Every feature has a method
`freqList()`
to generate a frequency list of its values, higher frequencies first.
Here are the graphemes (the top 20):

In [26]:
for (value, frequency) in F.grapheme.freqList()[0:20]:
    print(f'{frequency:>5} x {value}')

29618 x …
21676 x N01
17128 x 
 6956 x X
 5924 x N14
 1970 x EN
 1846 x N57
 1835 x N34
 1349 x SZE
 1241 x GAL
 1125 x DUG
 1069 x AN
 1046 x U4
  892 x NUN
  881 x SAL
  879 x PAP
  877 x E2
  875 x GI
  788 x BA
  747 x SANGA


We can do a bit more: we'll write a file with all graphemes to your TEMP_DIR.
In fact, we'll write two: one ordered by grapheme, and one ordered by frequency.

In order to not clutter this notebook, we use a function `writeFreqs()`, defined in 
[utils](utils.py) in the same directory.

In [27]:
COMP.writeFreqs('grapheme-plain', F.grapheme.freqList(), 'bare grapheme')

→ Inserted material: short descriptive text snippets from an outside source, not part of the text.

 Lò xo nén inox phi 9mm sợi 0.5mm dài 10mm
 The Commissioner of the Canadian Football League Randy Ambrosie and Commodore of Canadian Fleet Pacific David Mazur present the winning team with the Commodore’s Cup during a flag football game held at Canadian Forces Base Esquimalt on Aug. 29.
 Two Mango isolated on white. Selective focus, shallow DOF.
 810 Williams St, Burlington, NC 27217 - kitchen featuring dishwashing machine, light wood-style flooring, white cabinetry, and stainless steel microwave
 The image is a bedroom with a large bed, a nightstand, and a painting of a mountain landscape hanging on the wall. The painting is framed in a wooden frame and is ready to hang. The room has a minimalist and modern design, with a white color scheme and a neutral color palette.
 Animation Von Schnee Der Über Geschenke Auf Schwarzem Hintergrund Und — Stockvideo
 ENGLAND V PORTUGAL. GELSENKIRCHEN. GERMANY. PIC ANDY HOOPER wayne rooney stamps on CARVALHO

There are 667 bare graphemes


Now have a look at your TEMP_DIR and you see two generated files:

* `graphemes-plain-alpha.txt` (sorted by grapheme)
* `graphemes-plain-freq.txt` (sorted by frequency)

But we can do better, we also want the prime, variants, and modifiers taken into account.

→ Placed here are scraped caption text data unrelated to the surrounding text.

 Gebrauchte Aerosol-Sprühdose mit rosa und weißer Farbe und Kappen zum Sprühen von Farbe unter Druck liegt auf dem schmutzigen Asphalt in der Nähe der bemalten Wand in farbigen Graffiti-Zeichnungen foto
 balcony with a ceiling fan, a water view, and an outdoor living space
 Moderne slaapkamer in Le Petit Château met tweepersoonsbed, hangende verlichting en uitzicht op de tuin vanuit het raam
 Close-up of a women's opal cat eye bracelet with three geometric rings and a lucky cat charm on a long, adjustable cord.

Let us first see what they can be.

## Prime

The prime is a feature with two values: 1 or 0. 1 means: there is a prime.
Below you see how often that occurs.
Note that we count all primes here: on signs, case numbers and column numbers.

For more info and a check on the occurrences of primes, see [checks](checks.ipynb).

In [28]:
for (value, frequency) in F.prime.freqList():
    print(f'{frequency:>5} x {value}')

 5184 x 1


## Variant

The variant or allograph is what occurs after the grapheme and after the `~` symbol, which should be digits and/or
lowercase letters except the `x`.

Here is the frequency list of variant values.

In [29]:
for (value, frequency) in F.variant.freqList():
    print(f'{frequency:>5} x {value}')

23804 x a
 4172 x b
 1532 x c
 1356 x a1
  703 x b1
  194 x a2
  187 x d
  127 x b2
   85 x f
   73 x a3
   40 x e
   29 x c2
   22 x c1
   22 x c3
   17 x v
   14 x c5
   13 x b3
   12 x a0
   12 x d1
   11 x c4
    6 x a4
    6 x g
    5 x d2
    4 x d4
    4 x h
    2 x 3a
    2 x d3
    1 x h2


## Modifier

The modifier is what occurs after the grapheme and after the `@` symbol, which should be digits and/or
lowercase letters except the `x`.

Here is the frequency list of *modifier* and *rmodifier* values.

In [30]:
for (value, frequency) in F.modifier.freqList():
    print(f'{frequency:>5} x {value}')

  648 x g
  251 x t
   39 x n
    6 x r
    4 x s
    1 x c
    1 x v


In [32]:
for (value, frequency) in F.modifierInner.freqList():
    print(f'{frequency:>5} x {value}')

   25 x f
   15 x t
    1 x r
    1 x v


## Full grapheme overview

We make a frequency list of all full graphemes, i.e. the grapheme including variant, modifier, and prime.
We show as they appear in transcriptions.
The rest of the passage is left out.